Data Acquisition and Preprocessing

All participants underwent 10 min of a resting-state functional MRI (rs-fMRI) scan, for which they were instructed to keep their eyes closed, not to fall asleep, and not to think of anything. Subjective verification that participants stayed in a state of alertness during the rs-fMRI scan was obtained by interrogating them via intercom immediately after the scan. All participants successfully completed the scanning sessions.

Data Acquisition

MRI data were collected on a 3-Tesla Philips Achieva scanner with an 8-channel phased-array head coil. T1-weighted structural images were acquired with an MPRAGE sequence (echo time = 4 ms, repetition time = 9 ms, inversion time = 100 ms, flip angle = 5°, field of view = 240 mm × 240 mm, matrix = 240 × 240, 170 slices, slice thickness = 1 mm, and 0 mm interslice gap, voxel size = 1 mm × 1 mm × 1 mm). Functional MRI data were obtained by using a gradient echo EPI sequence (echo time = 35 ms, repetition time = 2000 ms, flip angle = 82°, field of view = 220 mm × 220 mm, matrix = 80 × 80, 32 slices, slice thickness = 4 mm, and 0 mm interslice gap, voxel size = 2.75 mm × 2.75 mm × 4 mm; 300 volumes).
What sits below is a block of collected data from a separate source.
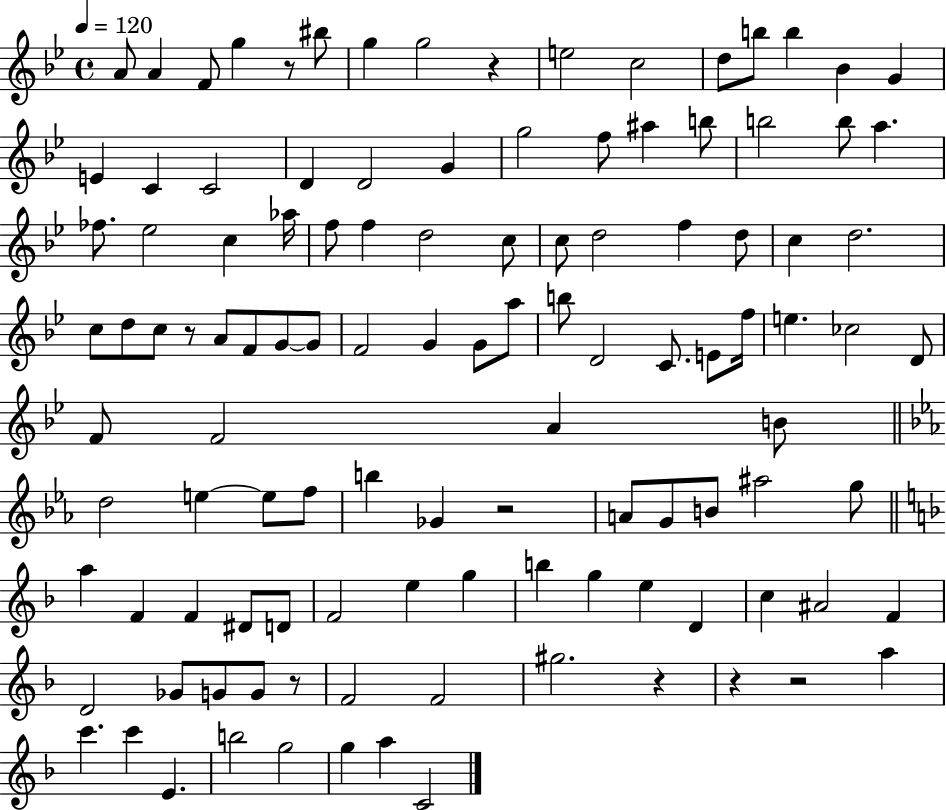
X:1
T:Untitled
M:4/4
L:1/4
K:Bb
A/2 A F/2 g z/2 ^b/2 g g2 z e2 c2 d/2 b/2 b _B G E C C2 D D2 G g2 f/2 ^a b/2 b2 b/2 a _f/2 _e2 c _a/4 f/2 f d2 c/2 c/2 d2 f d/2 c d2 c/2 d/2 c/2 z/2 A/2 F/2 G/2 G/2 F2 G G/2 a/2 b/2 D2 C/2 E/2 f/4 e _c2 D/2 F/2 F2 A B/2 d2 e e/2 f/2 b _G z2 A/2 G/2 B/2 ^a2 g/2 a F F ^D/2 D/2 F2 e g b g e D c ^A2 F D2 _G/2 G/2 G/2 z/2 F2 F2 ^g2 z z z2 a c' c' E b2 g2 g a C2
Physiologic Noise and Motion Correction

Physiologic Estimation by Temporal ICA (PESTICA1; Beall and Lowe, 2007) was applied on raw fMRI data to detect the pulse and breathing cycles in individual subjects. Peak frequencies of cardiac and respiratory rate time courses obtained from PESTICA (with a temporal resolution of TR/slice number = 2s/32) were calculated using Fast Fourier Transform (FFT) in Matlab. Precisely, a Gaussian fit in a search window was applied which corresponded to expectation values for the physiological rhythms [cardiac 55–70bpm (beats per minute); respiratory 10–24 bpm]. For quality assurance, visual check of fit quality was performed. Differences in cardiac and respiratory rates between groups were tested with two-sample t-tests. The tests yielded no significant difference between the groups regarding the cardiac rate (p > 0.5), as well as the respiratory rate (p > 0.5).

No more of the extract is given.